トレードマークはつばの前をおろし、後ろを上げた帽子のサム・スニード。ベン・ホーガンや、PGAツアーで11連勝を含む年間最多18勝の記録を持つバイロン・ネルソンと同じ、1912年生まれでした。これら最強のライバル達と戦いながら数々の記録を残しています。
PGAツアー通算82勝は、2位のタイガー・ウッズの79勝を抑えてトップ。マスターズにも3回優勝し、歴代4位タイ。1965年「グレーター・グリーンズボロ・オープン」ではツアー最年長、52歳10ヶ月で優勝。

67歳の時の1979年「クワッド・シティ・オープン」では「67」でまわり、PGAツアー唯一のエージシュートを達成します。その2日後の最終日に「66」をマークしています。1回だけでも、今後も出ない記録と言われていますが、なんと2回も達成しています。

メジャーはマスターズの他に全米プロゴルフ3勝、全英オープン1勝を挙げながら、全米オープンだけはプレーオフ敗退も含め2位が4回と優勝できず、「キャリア・グランドスラム」は逃しています。1979年には67歳2ヶ月でPGAツアー最年長予選通過を果たすなど、まさに長く輝かしい選手生活を送りました。

スニードはスポーツ万能でした。高校時代はゴルフに加え、野球、フットボール、陸上競技、バスケットボールでも活躍し、大学から特待生での勧誘も受けていました。結局、スニードはゴルフ部コーチの助言によって、プロゴルファーを目指しています。

そのスイングは「美しく流れるよう」「絹のような滑らか」と評され、ドライバーの飛距離は優に300ヤードを超えていた、と言われます。自著のタイトルに「ゴルフは音楽だ!」とあるように、スイングはリズムとタイミングが大切と著しています。

あまりにスムーズでムダがないため、スニードは「ボーン・スインガー」(生まれながらにして流麗なスインガー)とも呼ばれました。彼自身、「年をとったら良いスイングしか役に立たない」との言葉を残しています。まさに非凡な運動能力に裏付けされたスイングが、スニードの選手生活を支えていました。

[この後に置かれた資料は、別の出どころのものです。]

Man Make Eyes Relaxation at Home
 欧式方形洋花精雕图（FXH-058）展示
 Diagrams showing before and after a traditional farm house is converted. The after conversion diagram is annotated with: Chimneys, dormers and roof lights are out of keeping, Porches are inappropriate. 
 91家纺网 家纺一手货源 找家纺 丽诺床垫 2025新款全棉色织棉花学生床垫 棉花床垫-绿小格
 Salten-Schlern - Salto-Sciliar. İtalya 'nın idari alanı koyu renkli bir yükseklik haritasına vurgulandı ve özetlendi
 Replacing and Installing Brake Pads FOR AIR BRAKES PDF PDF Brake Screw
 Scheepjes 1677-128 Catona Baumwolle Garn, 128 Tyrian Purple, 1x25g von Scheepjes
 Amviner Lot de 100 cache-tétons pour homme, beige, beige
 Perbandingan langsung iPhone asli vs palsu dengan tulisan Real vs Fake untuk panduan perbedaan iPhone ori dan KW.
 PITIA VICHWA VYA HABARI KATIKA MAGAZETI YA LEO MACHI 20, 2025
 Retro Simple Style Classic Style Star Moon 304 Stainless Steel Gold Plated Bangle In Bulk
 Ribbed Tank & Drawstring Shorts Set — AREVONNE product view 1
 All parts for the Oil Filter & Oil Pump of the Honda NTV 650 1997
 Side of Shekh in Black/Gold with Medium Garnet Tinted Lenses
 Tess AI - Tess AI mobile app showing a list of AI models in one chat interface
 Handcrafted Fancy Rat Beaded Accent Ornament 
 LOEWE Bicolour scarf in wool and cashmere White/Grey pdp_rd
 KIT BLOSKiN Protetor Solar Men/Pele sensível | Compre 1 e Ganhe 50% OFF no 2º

ところが、そのスニードにとって最大の悩みがパッティングでした。1960年代になって、特に1メートル以内のパットがまったく入らなくなってしまいました。今で言う、イップスの状態のようです。そこで編み出したのが、「クラウチング・スタイル」のパッティングフォームでした。

カップに対して体を正対し、パットラインをまたいで構えます。両足の中心にあるボールを、体の真ん中で振り子のようにスイングしたパターで打つスタイルです。これで悩みは解決しましたが、仲間のプロたちからルールに反しているとのクレームが相次ぎ、禁止になってしまいました。

現在のゴルフルール規則16-1eにある「パットの線やその後方延長をまたいだり、踏むようなスタンスでストロークをしてはならない」は、このスニードの「クラウチング・スタイル」を禁止するために追加されました。しかし、スニードは諦めません。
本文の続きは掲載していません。